SYDNEY: An Australian carbon credits company has been found guilty by the federal court of making misleading green claims.
The court ruled last week that Prime Carbon, a private company that produces and trades carbon credits created through soil enhancement and carbon sequestration programmes, breached the Trade Practices Act between July 2008 and last December by claiming an association with the National Stock Exchange of Australia that it did not have.
Prime Carbon also made misrepresentations concerning the National Environment Registry during the same period, including an untruth that it had an arrangement with the Chicago environment registry.
The company was taken to court by the Australian Competition and Consumer Commission (ACCC) which recently started to scrutinise the growing carbon trade markets to ensure that there were fair practices.
The court also ordered Prime Carbon’s sole director, Kenneth Bellamy, to undertake compliance training to desist from engaging in misleading conduct, and to publicise the court’s orders to its customers on its website, and for the company to pay the ACCC’s court costs.
ACCC chairman Graeme Samuel said the result should send a message about “greenwashing your marketing”.
In January, he said there had been an alarming rise in complaints about misleading green advertising, from nothing two years ago to about 500 since early 2008.
He called on parliament to pass laws that would give the ACCC powers to issue fines of up to A$1.1 million.
“Financially there are no implications at the present time for making misleading comments about green issues,” he said.

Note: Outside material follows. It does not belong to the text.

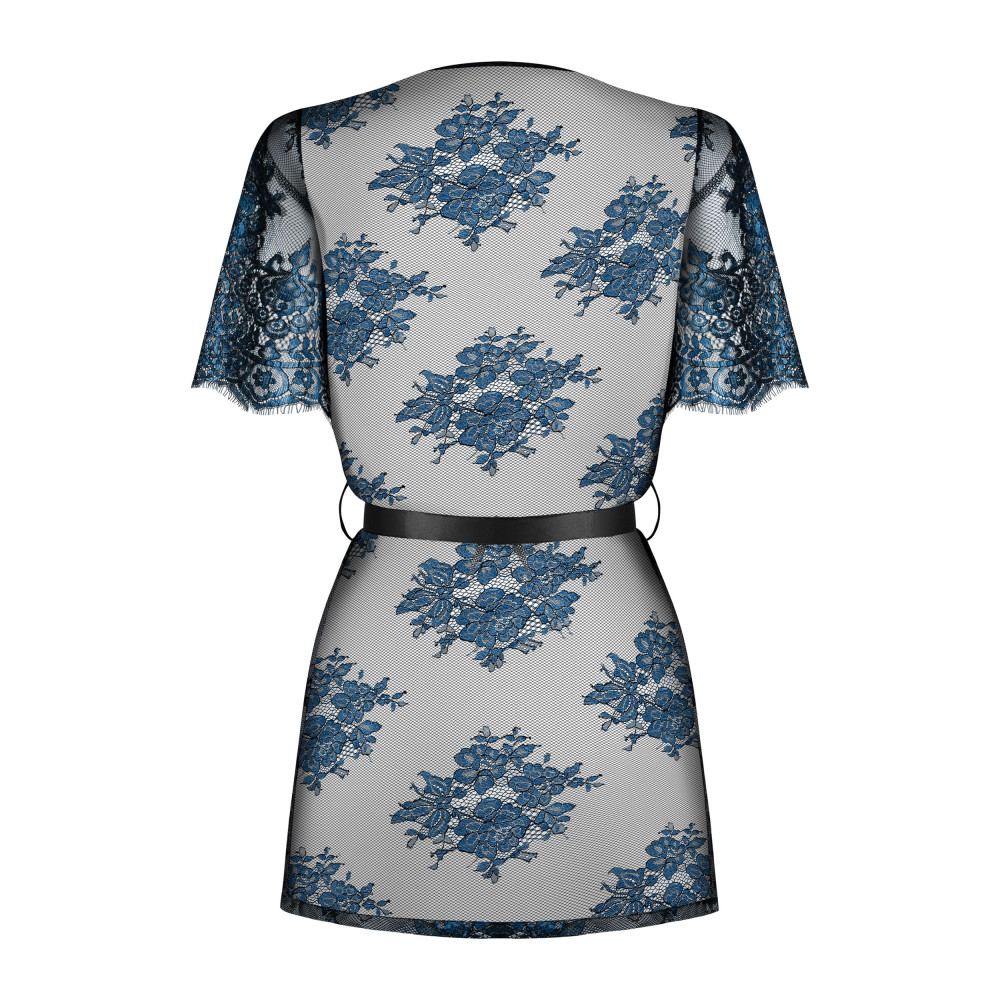 Эротичный пеньюар Obsessive Yassmyne L/XL, с узорами, черно-синий, фото №4 — секс шоп Украина, NO TABOO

Several Australian businessmen and businesses have descended on PNG promising ill-informed local landowners millions, even billions, of dollars if they sign their trees over to carbon trading deals, locally known as “sky money”.
South Australia-based company Carbon Planet has told investors that it has secured 25 potential projects in PNG and invested A$1.1 million.
It, however, did not identify the projects.
The company warned that “emerging carbon economy is complicated; (while) unscrupulous traders with phony schemes are taking advantage of a confused marketplace and a lack of education amongst buyers”.
Founder and chief operating officer Dave Sag has refused to elaborate on Carbon Planet’s own involvement in PNG and, in particular, it relationship with self-proclaimed “carbon kingpin” Kirk Roberts.
In December, Sag walked out of an SBS TV interview when asked about Roberts and PNG.